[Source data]
= = = = = = =
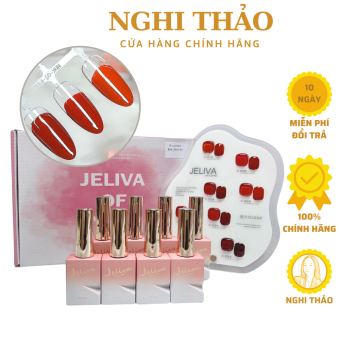 Set sơn gel đỏ JELIVA 8 màu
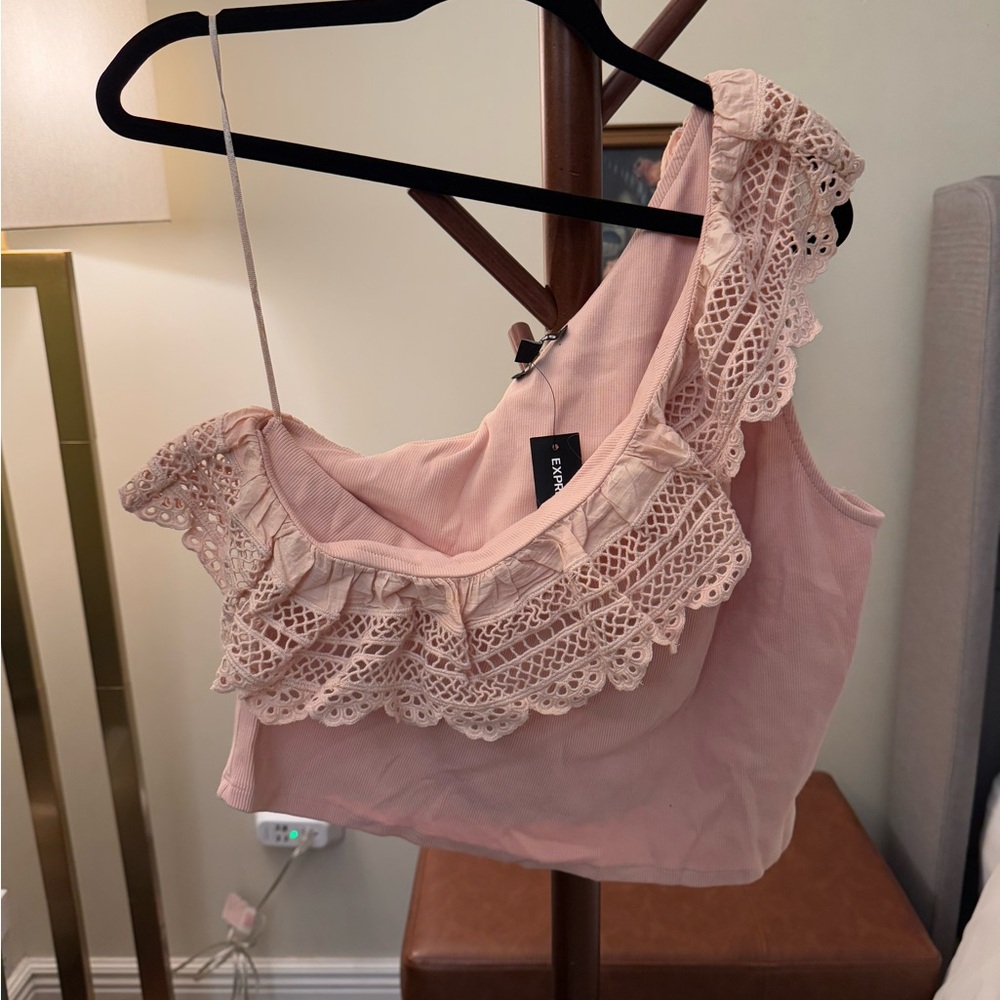 Express One Shoulder Ruffle Tank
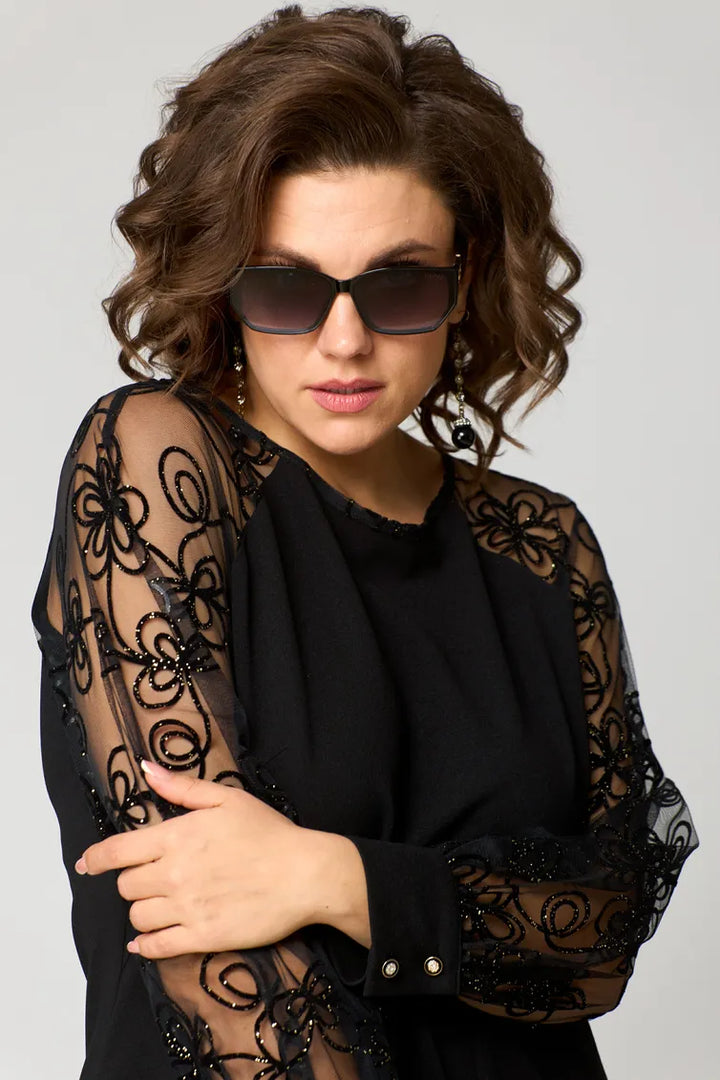Bernice | Sheer Sleeve A-Line Dress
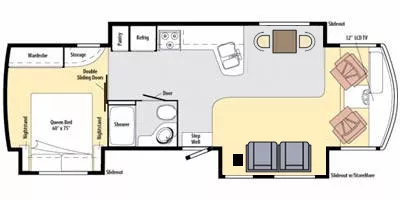 34' 2010 Winnebago Sightseer 33C w/3 Slides Floorplan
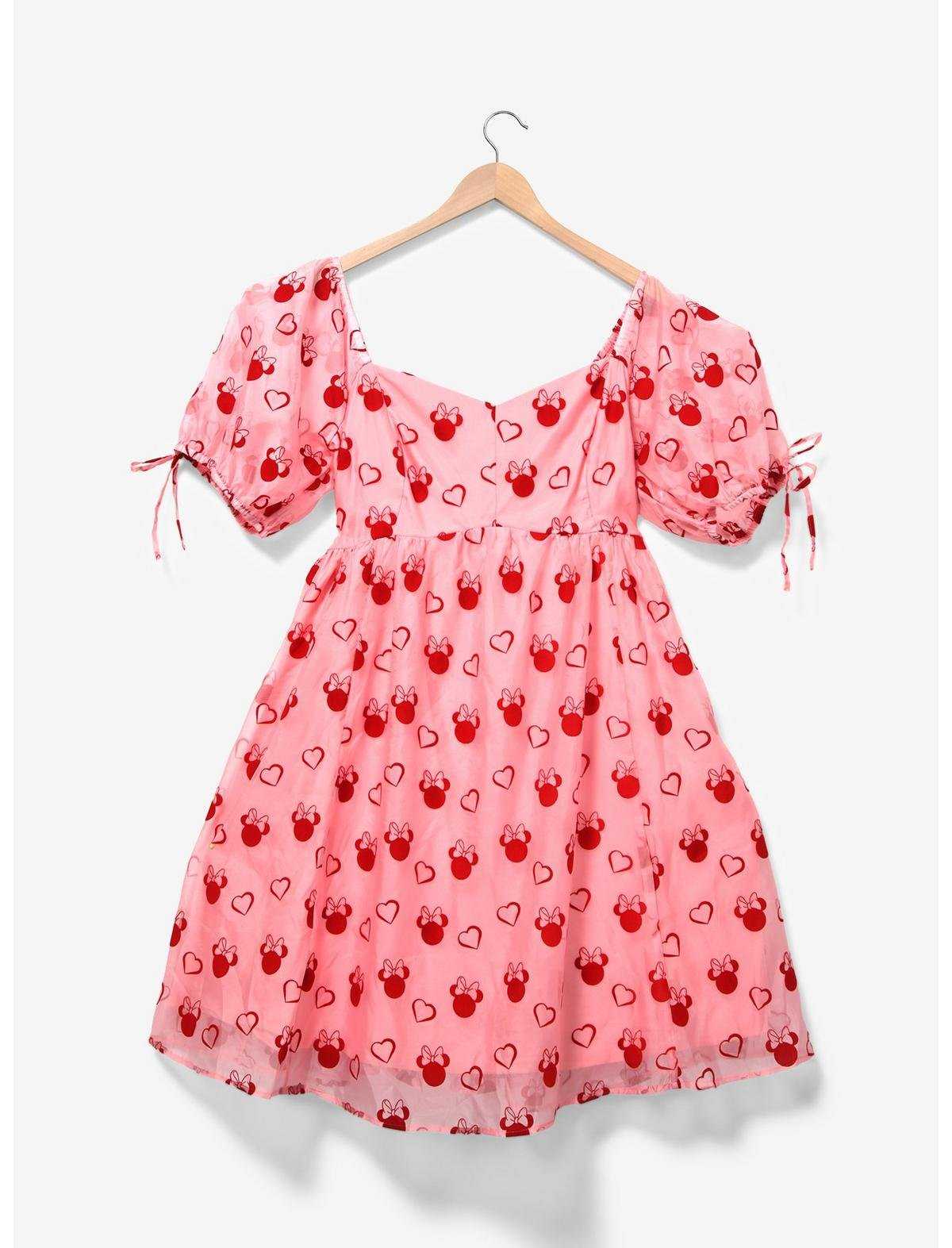 Disney Minnie Mouse Sweetheart Pink Puff-Sleeved Plus Size Dress, , hi-res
= = = = = = =
• Task statement: Return the data verbatim, leaving out the pictures it holds.

• Exercise output:
 Set sơn gel đỏ JELIVA 8 màu
 Express One Shoulder Ruffle Tank
Bernice | Sheer Sleeve A-Line Dress
 34' 2010 Winnebago Sightseer 33C w/3 Slides Floorplan
 Disney Minnie Mouse Sweetheart Pink Puff-Sleeved Plus Size Dress, , hi-res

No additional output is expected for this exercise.